In terms of NAFTA, losing market access to Mexico would be a major blow to the U.S. dairy sector.

In the foreseeable future, we are going to see continued consolidation. If you do decide to act and implement some activities in this legislative session to help this sector, my recommendation would be to focus on those struggling dairies that nevertheless have a bright long-term outlook and maybe just need a helping hand to weather this crisis. We are going to see a number of dairy farmers that are no longer competitive, and the sooner they exit the sector, the more equity they will preserve. We will be doing them a disservice by offering some handouts that would prolong their hope, but really, there is nothing there to hope for.
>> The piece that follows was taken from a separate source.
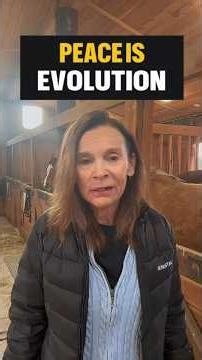 Peace is Evolution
The market has changed. Minnesota will continue to have a thriving milk production. Unfortunately, the sector has changed, and many of the current dairy producers will not be able to survive in that environment."

When asked what a 'dairy with a bright future' looks like, Bozic replied, "I would hope I'm not the one who picks winners and losers. However, maybe this is a framework to think about these issues. Over 100 years ago, dairy producers came together and decided if they wanted to sell their milk on the East Coast, they should not do it alone. They should come together. Land O' Lakes was formed, and they shipped butter.

In today's economy, the capital need to build a dairy with sufficient economies of scale to be competitive is in the order of $30 to $50 million. Not a single family, or very few families, can muster that type of capital of their own.

What we need to encourage are new business models that bring multiple families together to form new partnerships and new business models that, maybe, not just two brothers or a few family members coming together, but maybe 10, 12, maybe 15 families bringing their financial wherewithal together to be competitive.

We see examples of such business models in Minnesota, as well as in Wisconsin and in other states. Our prime example in Minnesota is Riverview, LLC, with over 350 partners. Very few of them would be competitive on their own, but because they came together, they are a powerhouse.

As of January 1, rBST is no longer being used in Minnesota. The consequences that we may see over the next few quarters is slightly lower milk production statewide. We can't see what influence that will have overall. Dairy coops expect to be up 1 to 2 percent year over year instead of a half percent with use of it."

In terms of the trade war with Canada, Dr. Bozic said, "Canada is a fortress, however, they've been short of milk - in the last 5 years they've been importing fluid milk from Wisconsin and the Northeast. They've had more domestic milk recently. They haven't done that to injure us, but they've seen different demand for milk. They've increased production.

It used to be, if you create wholesome milk, there would be a home for that milk. On April 1, 2017 - processors in Wisconsin sent letters to their patrons who said "we don't have a home for their milk" - then on May 1 they said the farmers were on their own."

Senator Westrom asked, "When you say 'don't prolong the inevitable for others', what do you mean? What can the state do to help dairies weather the storm? What are some constructive ideas?"

Dr. Bozic replied, "I can offer advice and analysis - but I don't want to advocate for different expenses of taxpayer money. I do believe that some help in forms of guarantees for loans, or creative financing options. They should be designed in concert with Minnesota Milk and other trade associations' - I understand that Minnesota Milk will convene a group of bankers to ask for input in designing legislative proposals that will be brought before this body in just a few short weeks."

"Unfortunately, for smaller dairies, the business model is no longer viable. If we can communicate that gently but still firmly, and not even as your job, but unfortunately, my job, as an educator, their families would be better off. They'd preserve more equity."